Its a summarizer: its whole purpose is to truncate the document :)

---------------------------------------------------------------------
To unsubscribe, e-mail: java-user-unsubscribe@lucene.apache.org
For additional commands, e-mail: java-user-help@lucene.apache.org


Re: PostingsHighlighter/PassageFormatter has zero matches for some results

Posted by Michael McCandless <lu...@mikemccandless.com>.
On Tue, Oct 15, 2013 at 10:11 AM, Robert Muir <rc...@gmail.com> wrote:
> On Tue, Oct 15, 2013 at 9:59 AM, Michael McCandless
> <lu...@mikemccandless.com> wrote:
>> Well, unfortunately, this is a trap that users do hit.
>>
>> By requiring the user to think about the limit on creating
>> PostingsHighlighter, he/she would think about it and realize they are
>> in fact setting a limit.
>>
>> Silent limits are dangerous because you don't offhand know what's
>> wrong / why you see nothing getting highlighted.
>>
>>
>
> I already made my argument: for 99% of use cases the defaults are
> fine. In most cases highlighting is trying to summarize the document
> and something that deep just doesnt contribute much (see the default
> scoring model!). There is an optional ctor for the others doing expert
> things to specify the length.
>
> I don't think we should make APIs unusable because you think XYZ is a trap.

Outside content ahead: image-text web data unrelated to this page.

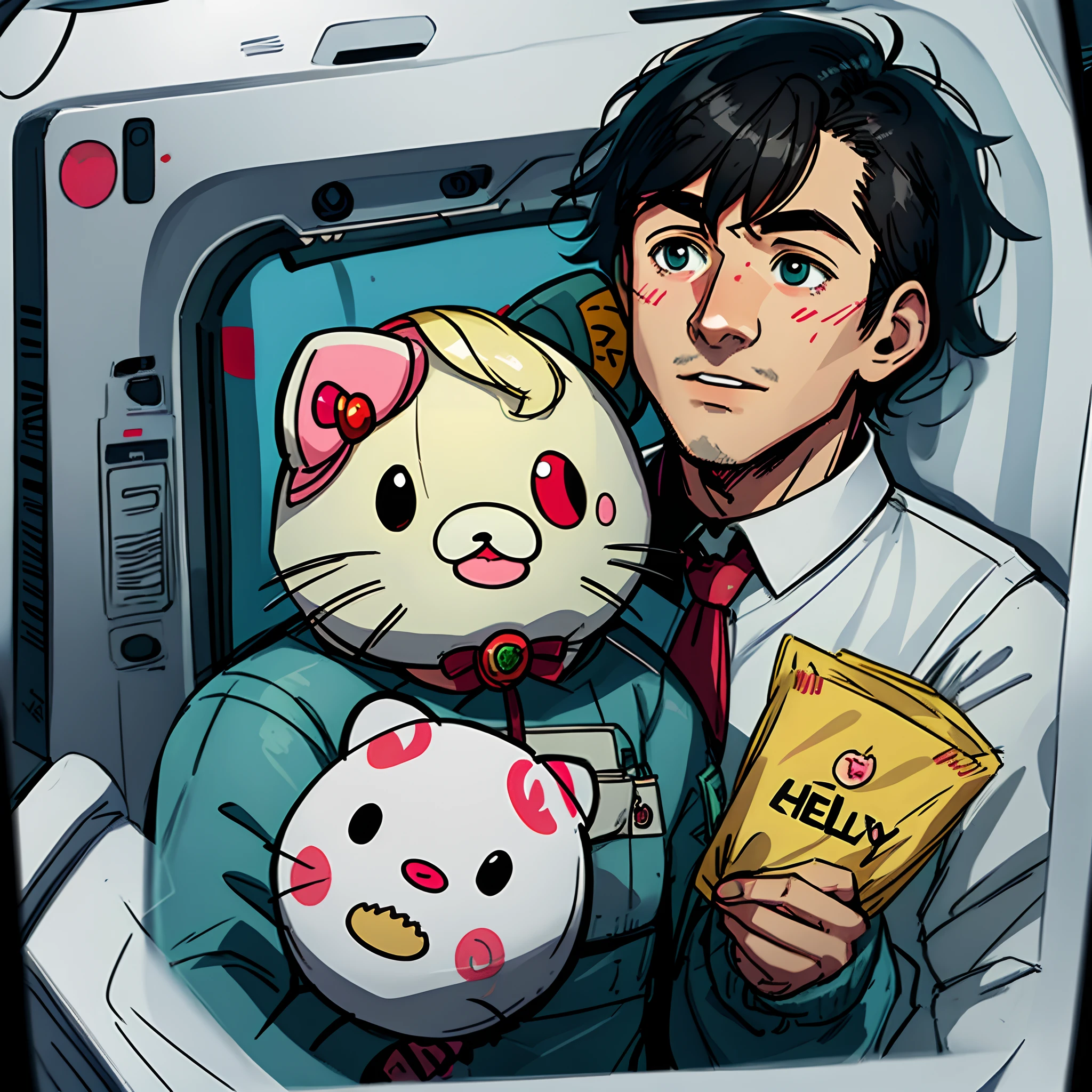 Call of duty man holding hello kitty plush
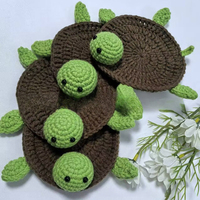 Nouveaux sous-verres en crochet faits main en forme de tortue, tapis résistants à la chaleur en acrylique, motif tortue de mer mignonne tricotée à la main, design moderne style ferme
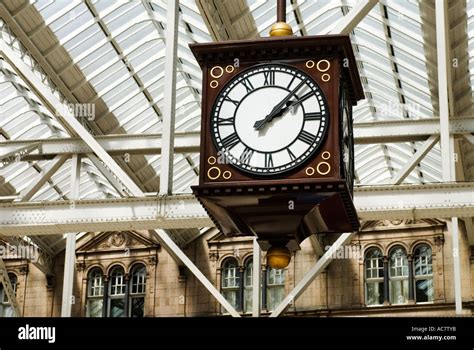 Ornate old clock inside Central railway station in Glasgow Scotland ...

How would this make the APIs unusable?

I don't think requiring the user to set the truncation (a single int
parameter) up front is "unusable"?

Instead, it's making it clear that this class silently discards tokens
from the document, which I think is dangerous for any class to
silently do.  The user needs to think about what to pass, and realize
what they pass means truncation is happening.

> Why not make DEFAULT_MAX_THREAD_STATES a required parameter to indexwriter?

I think that's quite different: that param is for optimizing how many
threads can run concurrently in IndexWriter, and there are lots of
other parameters you could tune if you want to try to speed things up.
 It's not about discarding tokens, which is a change in functionality
and very different.

Long ago, IndexWriter used to do something very similar: it would
silently discard all tokens after the first 10,000 by default.  But
that was horribly trappy, and so we made it a required ctor parameter.
 Now, finally, we've removed it entirely and you can use
LimitTokenCountFilter if you want to truncate before indexing.

> Hell lets make it so users have to supply all parameters to
> everything, so everything is like
> IndexWriter(int,int,int,int,int,int,int,int,int,int,int,int) and so
> on. Then you will be satisfied there are no traps, but it will be
> totally unusable.

I agree that would be unusable, but that's not what I'm proposing;
it's not so black and white.

I do agree with you that we need to keep our APIs very minimal, and
that every added parameter is an added cost.  But we need to balance
that with settings that do nasty things, like truncate tokens; I think
it's fair in such cases to consider making them an explicit choice in
the API.

Mike McCandless

http://blog.mikemccandless.com

---------------------------------------------------------------------
To unsubscribe, e-mail: java-user-unsubscribe@lucene.apache.org
For additional commands, e-mail: java-user-help@lucene.apache.org


Re: PostingsHighlighter/PassageFormatter has zero matches for some results

Posted by Jon Stewart <jo...@lightboxtechnologies.com>.
I'm very grateful for the assistance. It'd be great to know the value
of DEFAULT_MAX_LENGTH in the documentation. I know the majority of
applications care more about precision than recall... but I know of a
lot of people using Lucene for high recall applications, too. Working
in high recall domains doesn't necessarily make us Lucene experts.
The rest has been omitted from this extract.